To those intrepid souls that are willing to brave the frigid weather, there are numerous winter activities in which to take part.

“It kind of transitions into snowshoeing and cross-country skiing,” Lewis said. “People will go through the trails, mostly just in the same kind of area; you don’t really follow the trail as much anymore because there’s just so much snow. So a lot of the hiking shuts down as soon as we get a lot of snow.”

Bergsma says that all the trails are open but are covered by two to 40 feet of snow.

“Last winter we had over 700 inches of snow so most people ski, snowshoe, snowboard, climb, etc.,” he said.

Jenny Lake is, of course, far from the only hiking destination in Grand Teton. In the park’s visitor center, Lewis gestures to a scale model of the park.

“I typically like to send people to Taggert Lake before Jenny Lake because they can get a better feel for hiking in the park,” Lewis said. “You get a little more of a different dynamic, whereas Jenny Lake, a lot of people just take the boat over and hike about a mile up to Inspiration Point and all back up, which is about a two-mile, quick hike. But I prefer Taggert Lake because you get more encompassing; you get the good views of the mountains… and you still get the hike to an alpine lake. It’s kind of a beautiful area. And I feel like you get away a little bit more in that area, whereas if you go to Jenny Lake and Inspiration Point, it’s going to be pretty crowded.”

At right, a lone kayaker drifts to shore on Jenny Lake. Boating is a popular activity on the lake. However, most activities, including the boat that ferries guests across the lake, close down in the offseason. Below, the trails at Jenny Lake are known for their beautiful, scenic views.

I happen to have lucked out; on the day I completed my hike in mid-October, the crowds were gone. As I walked with my classmates, I reflected that, quite often, we were completely alone and without cell service. This brought my concerns to the bright red can of bear spray strapped to my backpack and rhythmically tapping me on the thigh.
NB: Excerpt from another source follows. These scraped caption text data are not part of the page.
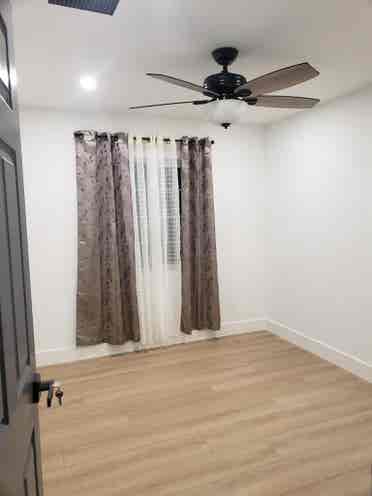Room for rent. Share bathroom.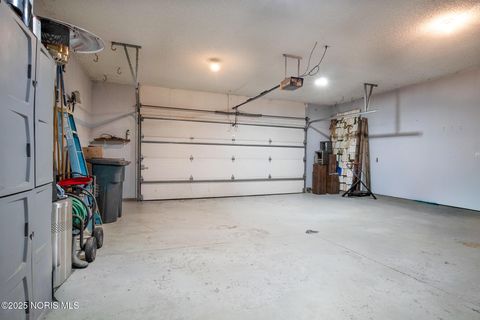 Tiny photo for 2332 County Road E Rd, Edgerton, OH 43517 (MLS # 10002041)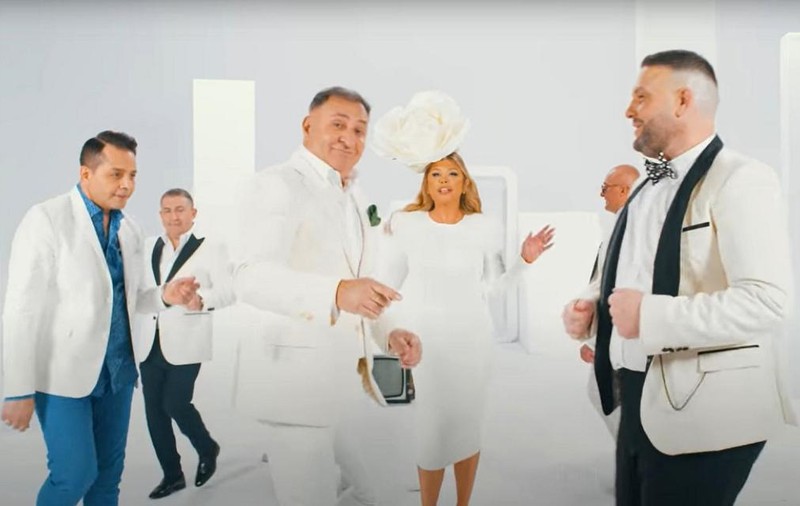 Ce s-a întâmplat la filmările videoclipului Loredanei cu cei 10 maneliști. „M-am luat cu mâinile de păr”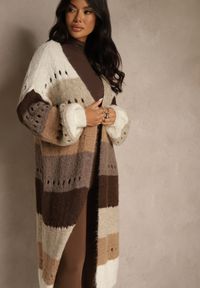 Renee - Beżowy Ażurowy Kardigan w Paski z Dodatkiem Wełny i Wiskozy o Długim Kroju Ilonine. Okazja: na co dzień. Kolor: beżowy. Materiał: wełna, wiskoza. Długość: długie. Wzór: ażurowy, paski. Styl: casual #5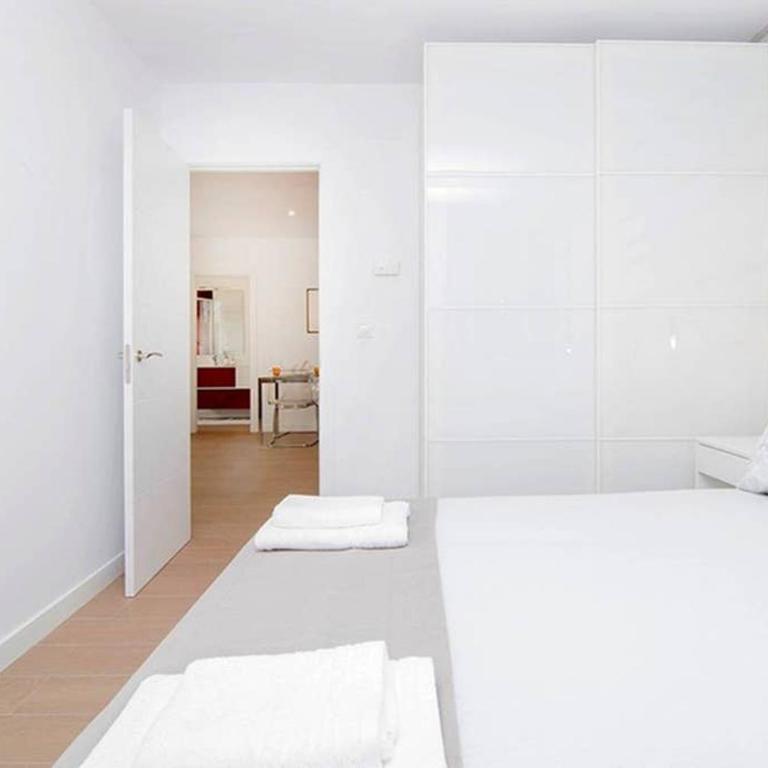 Deslumbrante Apartamento en Plaza España, by Batuecas - Two-Bedroom Apartment - 16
All hikers are encouraged to take a can with them for their protection.

Bears “are a big concern,” said Lewis. “I think people need to just be… just stay aware. They don’t need to fear bears, just show respect. Ya know? You’re in their territory.”

Bergsma, who has worked at Grand Teton since 1994, has only experienced three or four grizzly bear attacks during his tenure, and there have been no black bear or mountain lion issues.

“Just use caution and give ‘em all a wide berth!” he said.

Luckily, my bear spray remained untouched and the trail remained bearless. Instead of large threatening creatures, I was treated to an afternoon of breathtaking views, crisp air, and the kind of serenity only nature can provide.

“It’s a phenomenal place to hike and you can’t go wrong anywhere you go,” Lewis said.

If You Go

The Jenny Lake Visitor Center is located on Teton Park Road eight miles north of Moose, Wyo., at South Jenny Lake.

Entrance into the park costs $5 per person between mid-December and April 30, and $12 for the rest of the year.

The shuttle boat across the lake costs $10 for an adult round trip, and runs every 15 to 20 minutes during the day. For more information, visit

The Jenny Lake Ranger Station can be contacted at 307-739-3343.

All trails are free of cost. There are no parking fees in the park, but spaces are limited and may fill in popular areas such as Jenny Lake in summer months.